The two exhibitions Fry organised, Manet and the Post-Impressionists in 1910 and the Second Post-Impressionism Exhibition in 1911-12, introduced the work of contemporary European artists to England. (The 1912 exhibition is still the most comprehensive survey of post-impressionist art that has been displayed in this country). For many young British artists this was their first encounter with post-impressionism, and led to them experimenting with colour and abstraction.

List of artists included in the Second Post-Impressionist Exhibition at the Grafton Galleries in London, with Duncan Grant and Vanessa Bell listed alongside Paul Cézanne and Georges Braque. Courtesy Tate Archive

List of artists included in the Second Post-Impressionist Exhibition at the Grafton Galleries in London, with Duncan Grant and Vanessa Bell listed alongside Paul Cézanne and Georges Braque. Courtesy Tate Archive

Nurturing creative environments

Perhaps the Bloomsbury Group’s most important artistic contribution was the focus and support it gave to young artists. In this, its role was central to the development of art during the early 20th century.

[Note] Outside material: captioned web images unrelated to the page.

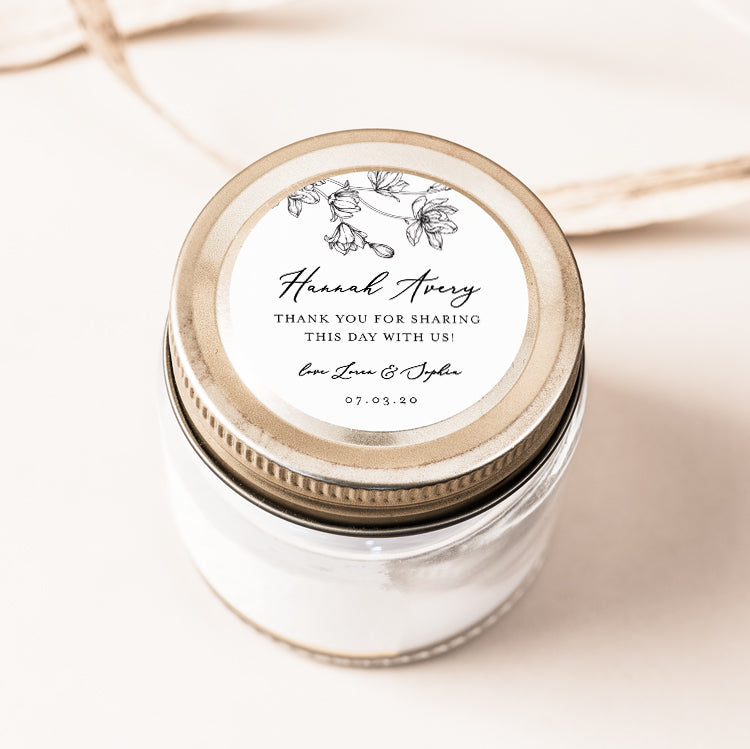 Magnolia Flower Wedding Favour Tag and Label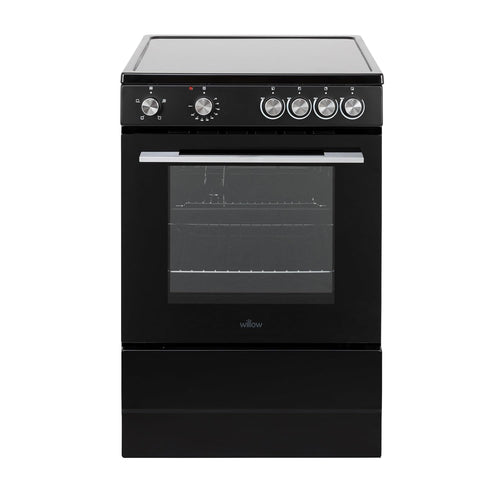 Freestanding Electric Single Cavity Cooker 68L 4 Ceramic Hobs Black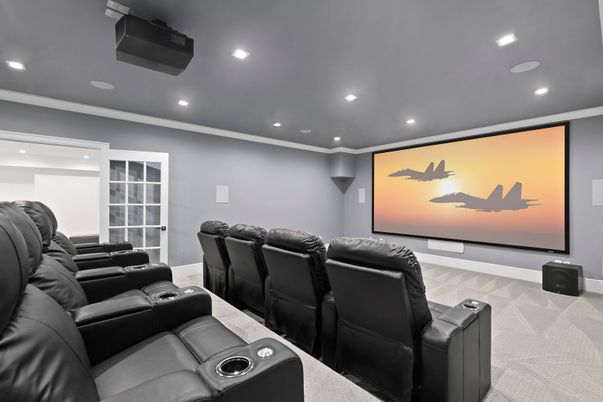 Home Theatre Room, Interior, Projection Screen, Recessed Lighting, Theatre Room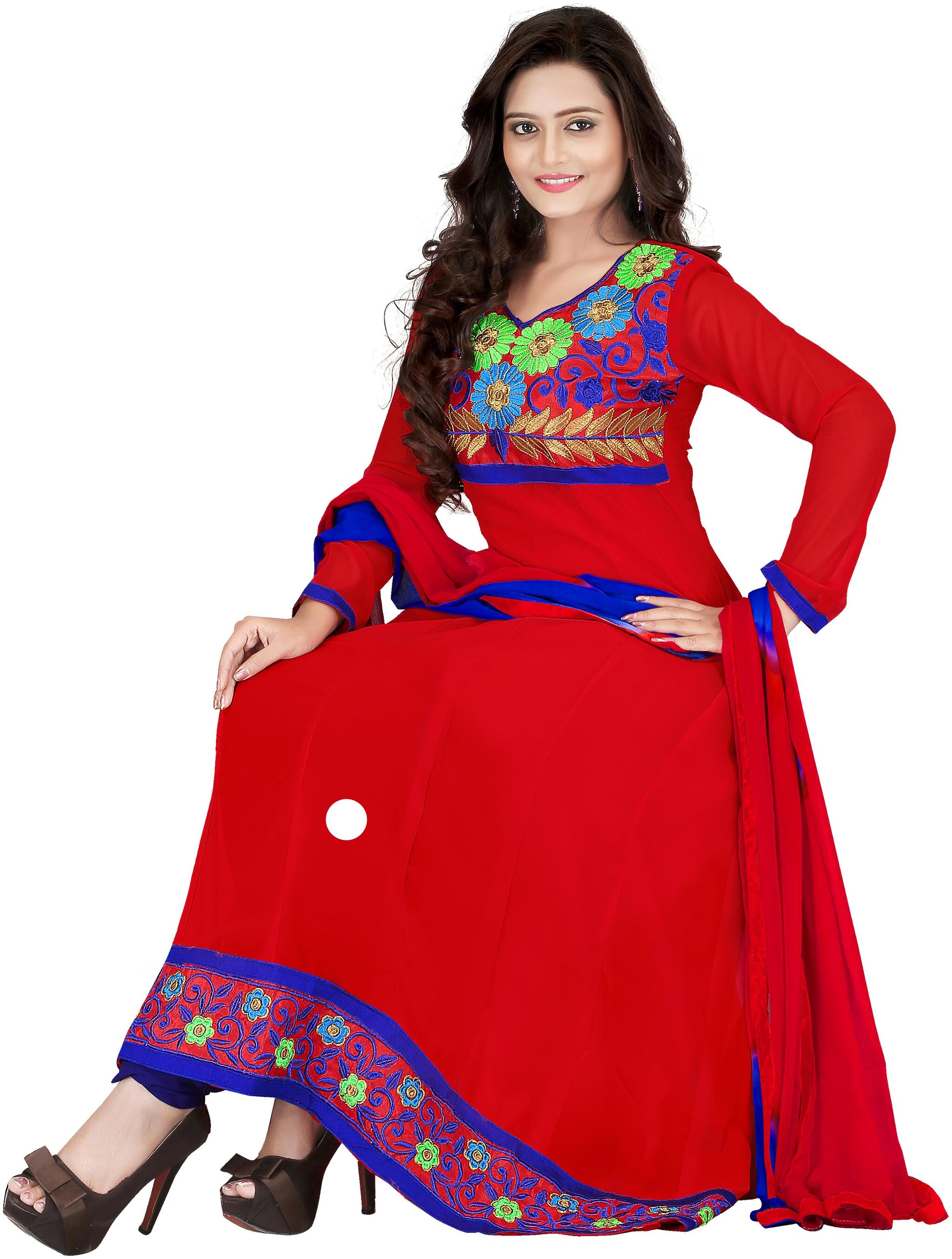 

JHEENU Maroon Unstitched Kurta with bottom dupatta With dupatta Dress Material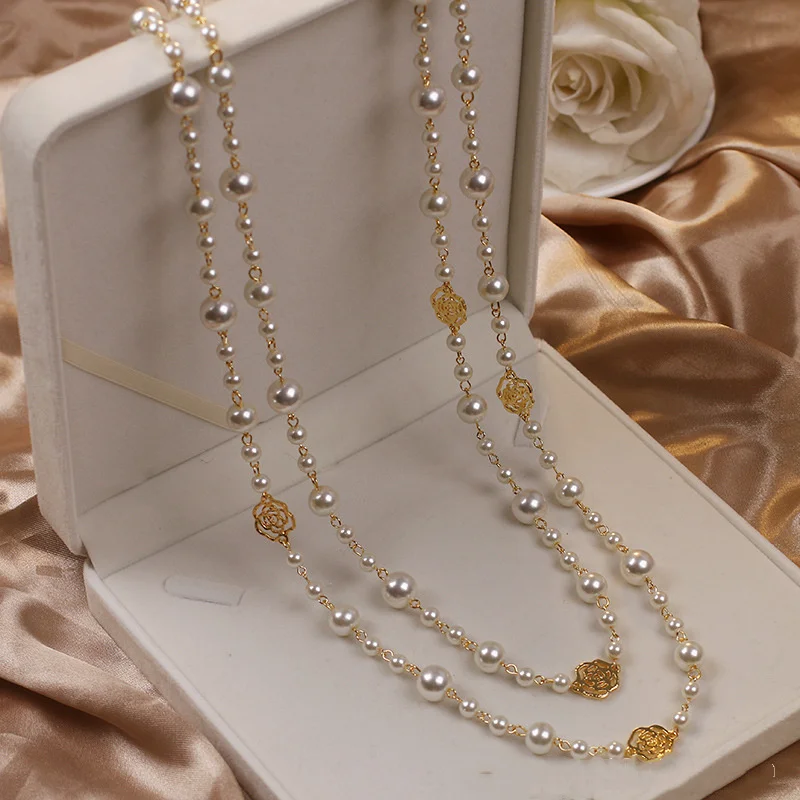 Κολιέ Elegant με Χρυσές Πέρλες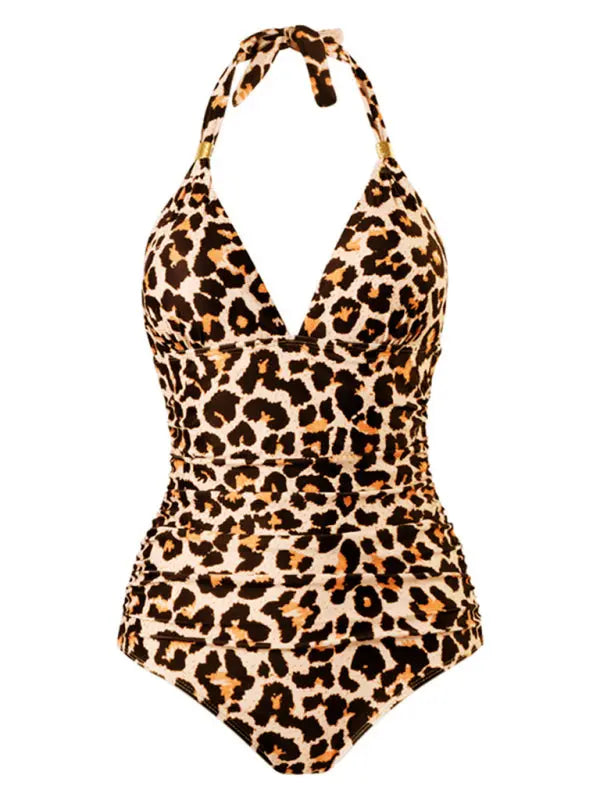 Blue Zone Planet | One Piece Swimsuit Conservative Leopard Print Halter Red Backless Swimsuit BLUE ZONE PLANET
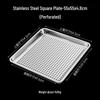 Děrovaný čtvercový servírovací tác z nerezové oceli 304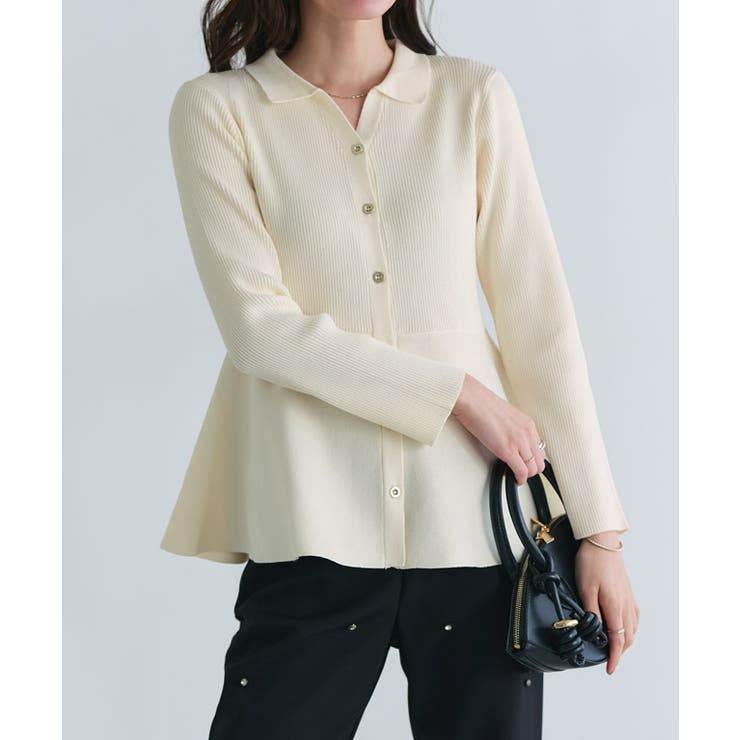 アイボリー | 襟付きＶネックぺプラムカーディガン カーディガン 襟 | Pierrot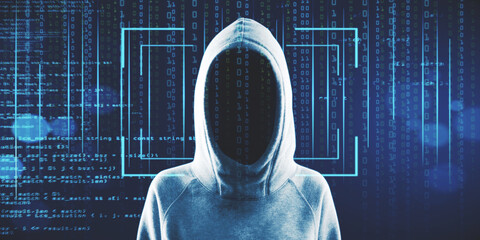 Wall Mural - Hacker in hoodie standing on abstract binary code background with face recognition interface. Hacking, ID and innovation concept. Double exposure.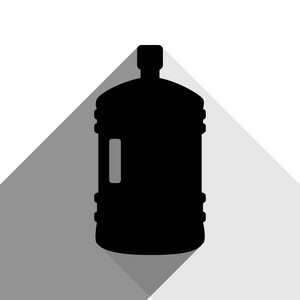 塑料瓶剪影标志。矢量。有两个扁平的灰色阴影，白色背景上的黑色图标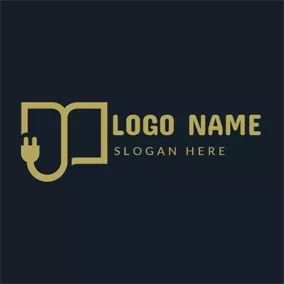 插頭logo Brown Plug and Outlined Book logo design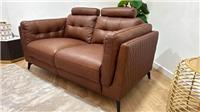 Sofology Muse Leather 2 Seater Supportive Headrests in Relaxed Matt Espresso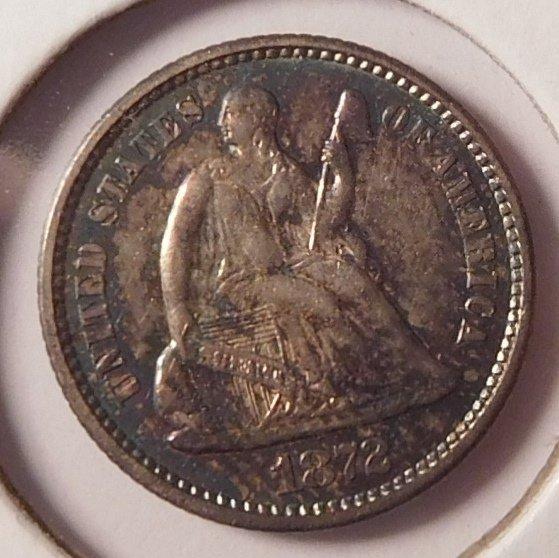 1872 LIBERTY SEATED HALF DIME AU-58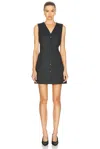 Frame Metallic Pinstriped Woven Mini Dress In Grey Lurex Multi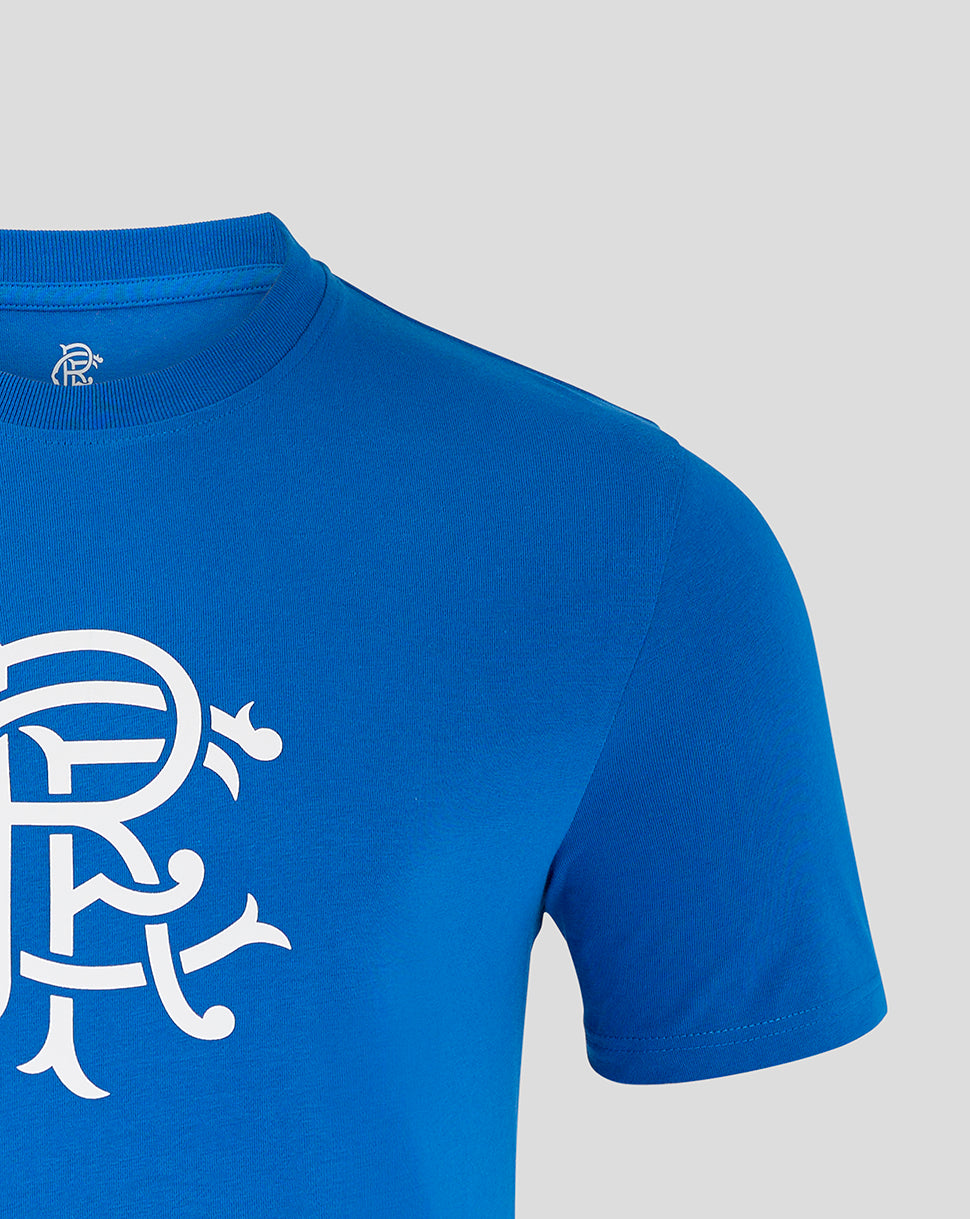 Blue Rangers FC Core Crest T shirt with a large white crest graphic partially visible on the front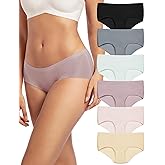 PURILINE Seamless Underwear For Women 6 Pack Mid Waisted No Show Womens Underwear Stretch Brief Thin Ladies Hipster Panties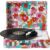 Crosley CR8005F-GF Cruiser Plus Vintage 3-Speed Bluetooth in/Out Suitcase Vinyl Record Player Turntable with Built-in Speakers, Groovy Floral
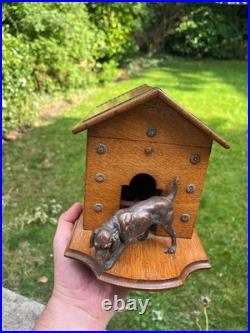 Musical Box Dog Kennel Cigar Humidor 19th Century Bronze Antique Black Forest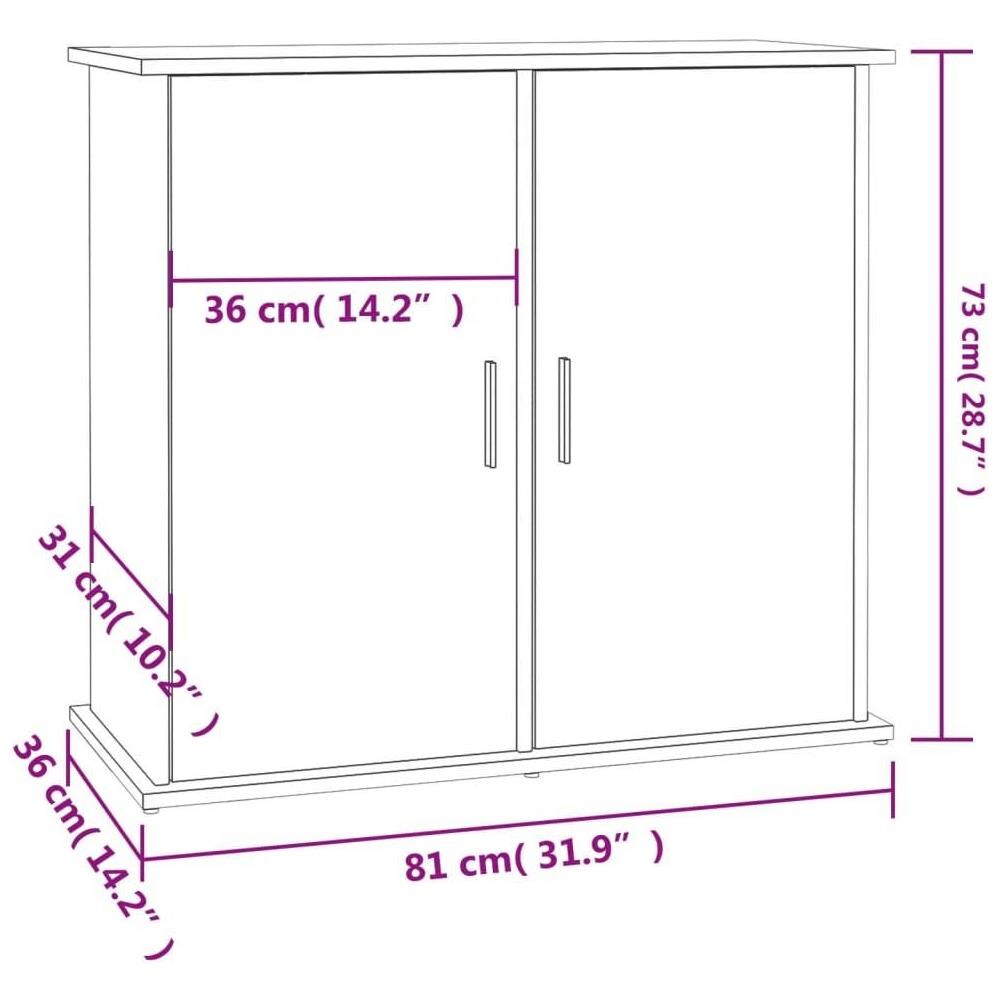 Supporto Acquario 81x36x73 cm Legno Multistrato Rovere Marrone - Foto 10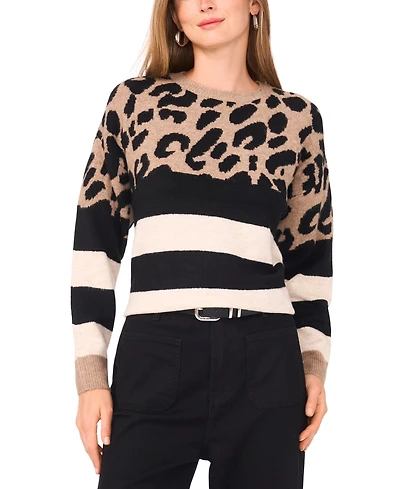 Vince Camuto Women's Cozy Crewneck Animal-Print Stripe Long-Sleeve Sweater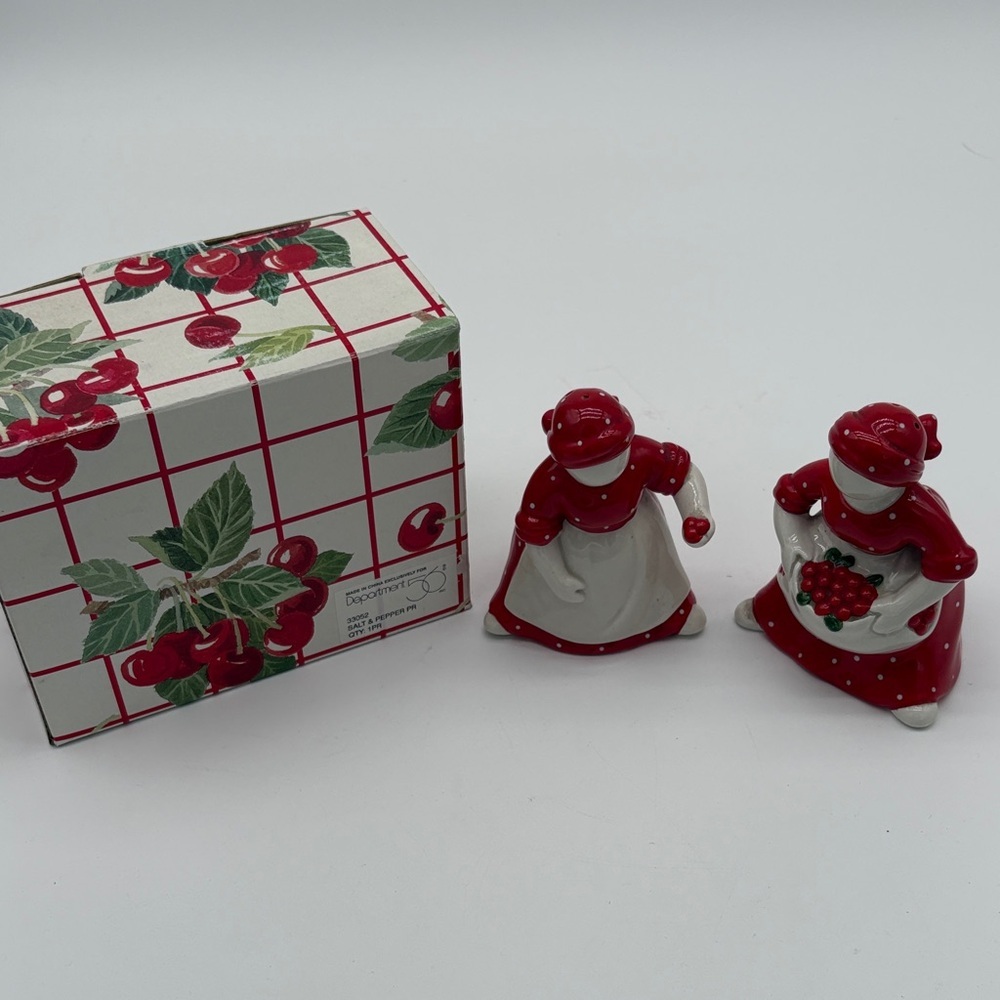 Department 56 Cherry Pickers Hand Painted Salt Pepper Shakers In Box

The Friday Club, and Grafton Group offered young artists the opportunity to meet, share ideas, and exhibit their work. The London Artists Association was founded largely as a result of the inspiration and hard work of Bloomsbury members, particularly Maynard Keynes. This provided artists with a means of selling their work. The establishment of the Contemporary Art Society, whose mission was to raise funds to purchase contemporary works of art to present to museums and galleries (Tate has a number of CAS assisted acquisitions), as also set up through the hard work of Bloomsbury members.

The Omega Workshops, brought together some of the most talented young artists of the day and provided financial support for them. Many of these such as Wyndham Lewis and Paul Nash, went on to become major figures in British art. Omega also encouraged links between designers and fine artists, and many of the furnishings, textiles and ceramics it made still look surprisingly modern today, a century later.

Vanessa Bell and Duncan Grant continued to support younger artists throughout their lives, most notably those in the Euston Road School in the 1930s.

Literary legacy

Cover of 'Walter Sickert: a conversation', by Virginia Woolf, Tate Archive

Hogarth Press publication, Walter Sickert: a conversation, by Virginia Woolf, with cover design by her sister Vanessa Bell.

The Hogarth Press, set up in 1917 by Leonard and Virginia Woolf to publish contemporary fiction and political comment published work by some of the most important writers of the twentieth century. Virginia Woolf, T.S.Eliot, Katherine Mansfield and E.M.Forster were among its writers. It also later published translations of the writings of Sigmund Freud, one of the most influential thinkers of the twentieth century.